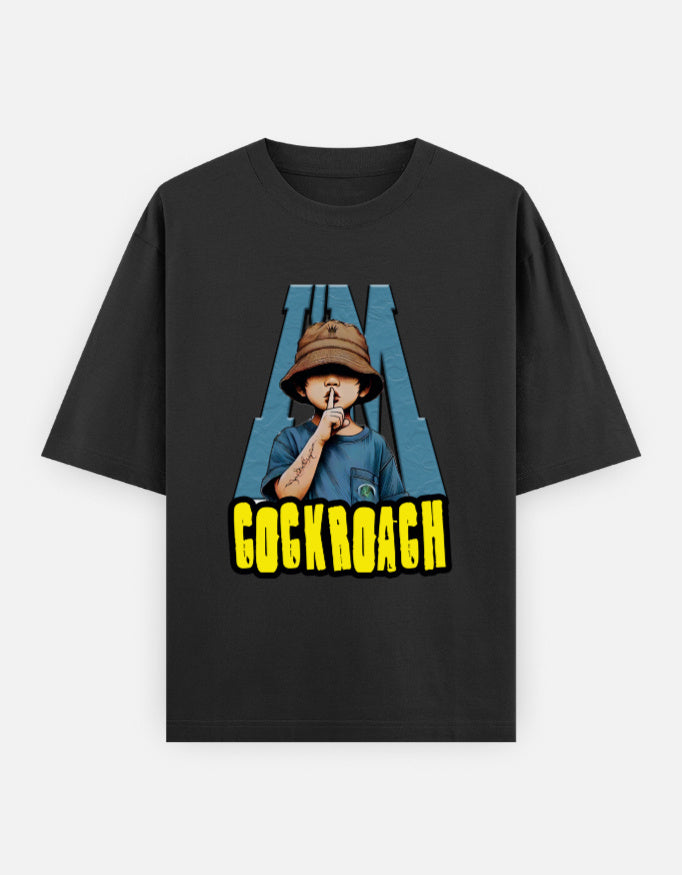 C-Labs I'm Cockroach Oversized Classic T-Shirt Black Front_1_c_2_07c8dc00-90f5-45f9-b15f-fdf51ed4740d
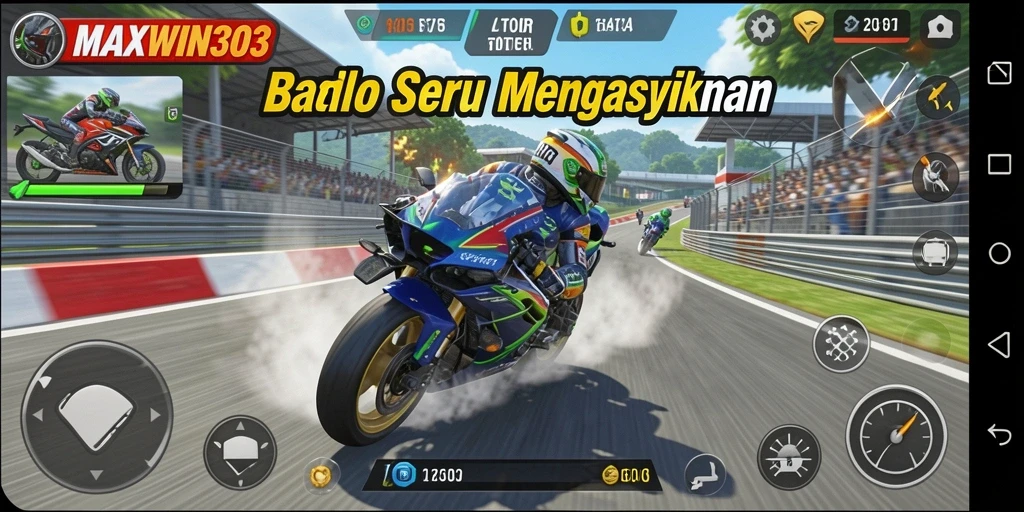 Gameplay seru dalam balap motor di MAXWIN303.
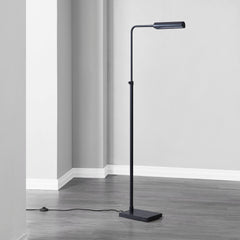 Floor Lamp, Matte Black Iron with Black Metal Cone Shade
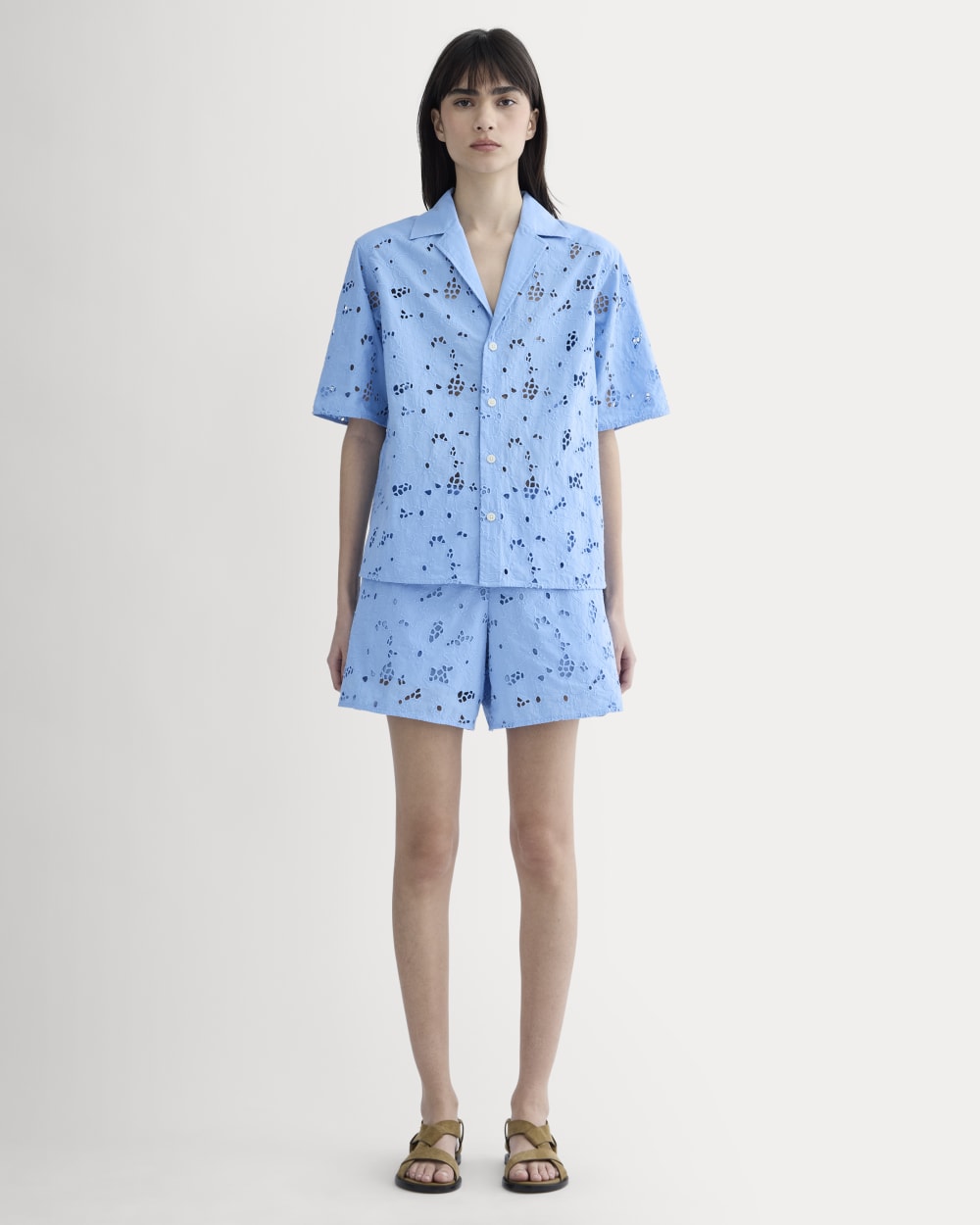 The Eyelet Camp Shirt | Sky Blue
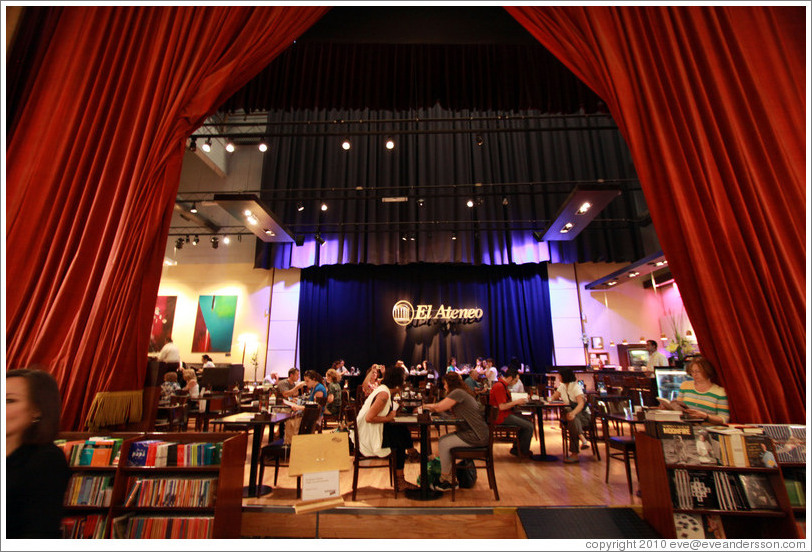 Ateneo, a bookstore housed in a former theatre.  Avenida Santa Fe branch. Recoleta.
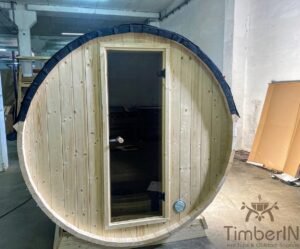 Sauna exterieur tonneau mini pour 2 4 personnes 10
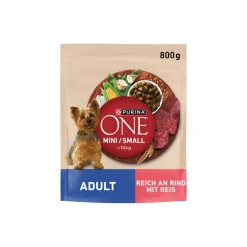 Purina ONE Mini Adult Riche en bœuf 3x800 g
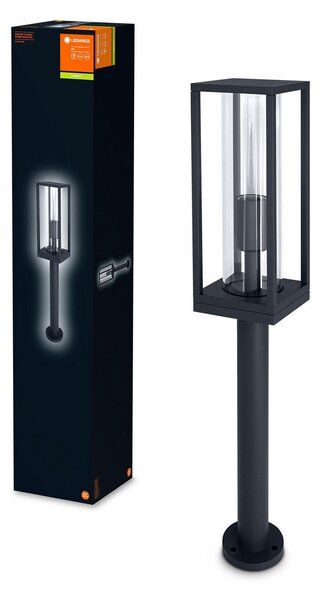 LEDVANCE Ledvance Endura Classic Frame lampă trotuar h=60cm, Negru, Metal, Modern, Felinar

**What is expected**
Pictures excluded, write out exactly and only the lines of the material from the one containing "Ateneo, a bookstore" up to and including the last line.

**Answer to this exercise**
 Ateneo, a bookstore housed in a former theatre.  Avenida Santa Fe branch. Recoleta.
 Sauna exterieur tonneau mini pour 2 4 personnes 10
 Purina ONE Mini Adult Riche en bœuf 3x800 g
 LEDVANCE Ledvance Endura Classic Frame lampă trotuar h=60cm, Negru, Metal, Modern, Felinar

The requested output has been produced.